Most of you, probably at least 95%, know that. But up until a few months ago, I’m not sure that I would have recognized him, well maybe from this photo but certainly not from an early picture of the band like this one.
Here, I’m sure of Paul, but not even positive about Ringo. But then, a few months ago, I was listening to the Beatles Channel on Sirius-XM, Peter Asher was doing a weekend special featuring the 100 most requested Beatles’ songs and providing fascinating commentary before and after each one, explaining why John was singing such and such a song instead of Paul, analyzing a particularly innovative drum underscoring from Ringo, how George’s sitar at the beginning of Norwegian Wood provided a bit of musical improvisation that would go on to color much of the bands later work – or something like that. I may have some of the details wrong, but the passions and specificity with which Asher broke down the music were thrilling to listen to. I had been launched on my latest obsessive research project – The Beatles. Such compulsions have been an almost lifelong obsession for me, whether it’s searching out the names of every year’s St. Louis Cardinals’ regular line-up from 1926 to the early sixties (a much more challenging task in the days before websites like Baseball-Reference emerged in 2000), since early childhood. These research obsessions tend to begin as compulsive diversions without any goal in sight, but experience has taught me to see them through and they, or their descendants, will end up in an Irondale project. Another obsession of mine is the compulsion to write very long sentences, two examples of which you have just been subjected to.
But back to the Beatles. When I went out this morning to fetch coffee, I had already spent the better part of an hour in my favorite chair trying to determine what really was on my mind today. My thoughts were replaced by earworms, which reflected my mood as I veered back and forth from a Hey Jude morning to a Here Comes the Sun one. Good news, bad news. Barbara and I got our second shots, we’re safe. “Ray! But 49% of middle-aged men of a certain persuasion are saying fuggedaboutit! Ouch. Bummer.
I didn’t get a letter out last week. (sorry) We were coming into the home stretch with our Radio Mother Courage, and I was obsessed with final (more or less) rewrites, which consisted mainly of taking three words out, then sticking them in again, changing ‘dangerous” to “minacious,” things like that. What did Oscar Wilde say? “I spent all morning taking out a comma and all afternoon putting it back.” Then I’d hear the new words in the Mother Courage Zoom remote rehearsal, disparage what I’d done and, like David Selznick said after the seventeenth rewrite of Gone With the Wind was playing flat as a pancake. “Get me Sidney Howard’s original version, and let’s just do that.” I reached for the original version of my script, didn’t look at it, put it back.
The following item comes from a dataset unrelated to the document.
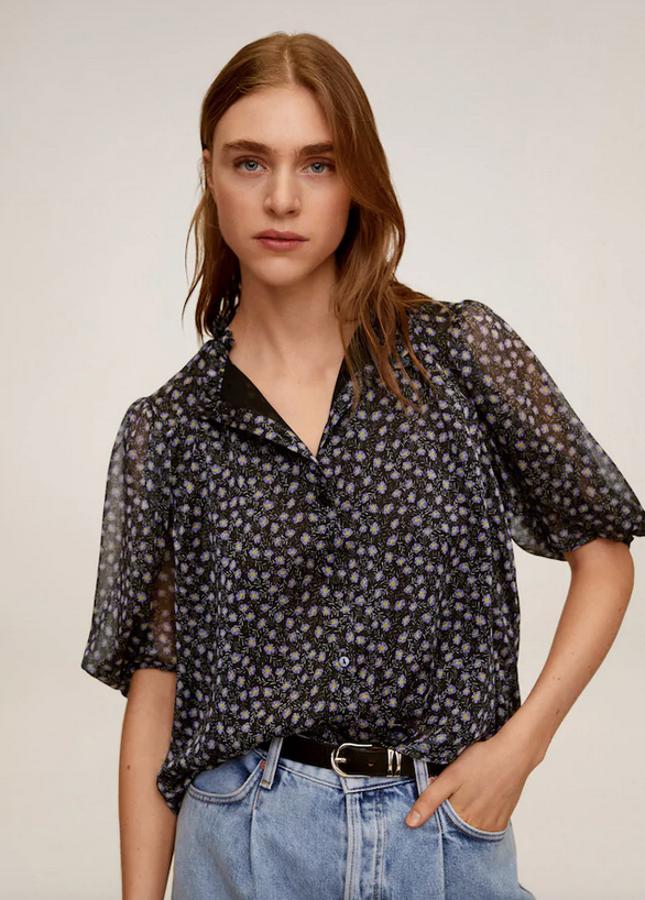 Tejido fluido y mangas cortas abullonadas para esta blusa con estampado floral en tonos lilas con cuello redondo con detalle de pliegues. De 25,99 euros ha pasado a 9,99 euros y está disponible entre las tallas XS y L.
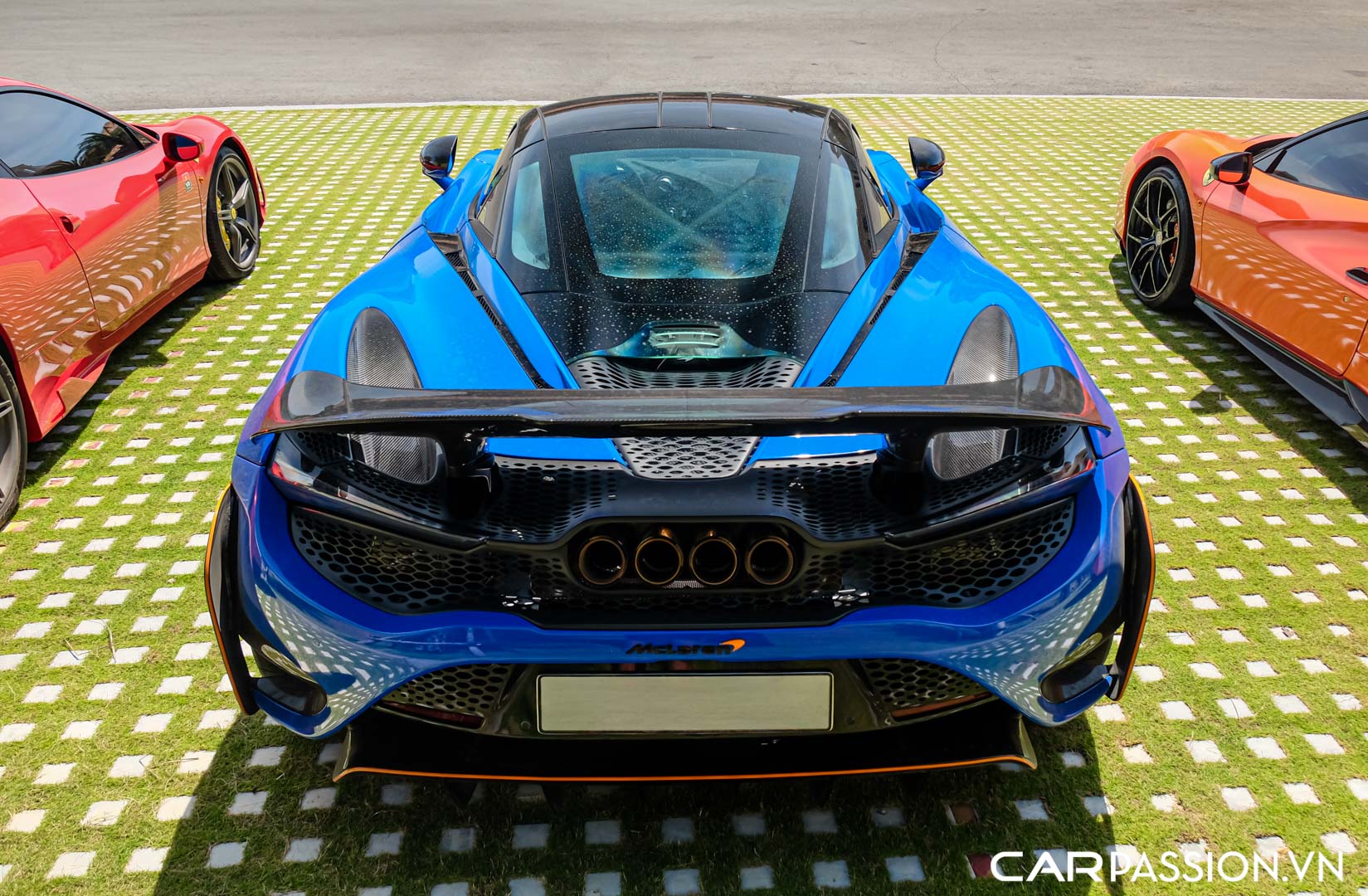 CP-McLaren 765LT Paris Blue24.jpg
Got an updated list of the scenes we either haven’t recorded or need to be redone from Jackie, our most resourceful stage manager and dramaturg associate, this morning. A lot. We want to have this done by Wednesday so we can turn it over to Jeff and Sam to engineer the whole thing.
One ear worm now. It’s playing: “Hey, Jude, take a sad song, and make it better.”
Went out for coffee. Heard George on the Beatles SiriusXM.
Here comes the sun do, do, do
Here comes the sun
And I say it’s all right.
Then this comes in on the Email:
Stephen R Cross (the Cook)
“Can’t upload, need more space”. I tried dragging and dropping, and using the “Upload Files” button.
Terry Greiss (the Chaplain, the Producer)
Maybe it was the File Folder. I just created a new one that says “Steve’s Songs”. Try that one. It is also shared with everyone.
Let me know how it works.
I just checked the dropbox account. There’s LOT’S of available space
And I say, “No worries.
It’s sunny and warm here in Pittsburgh.”
And George is coming in on the radio, coming in loud and strong.
Wish you were here, George. A lot of places that could use you singing to them today.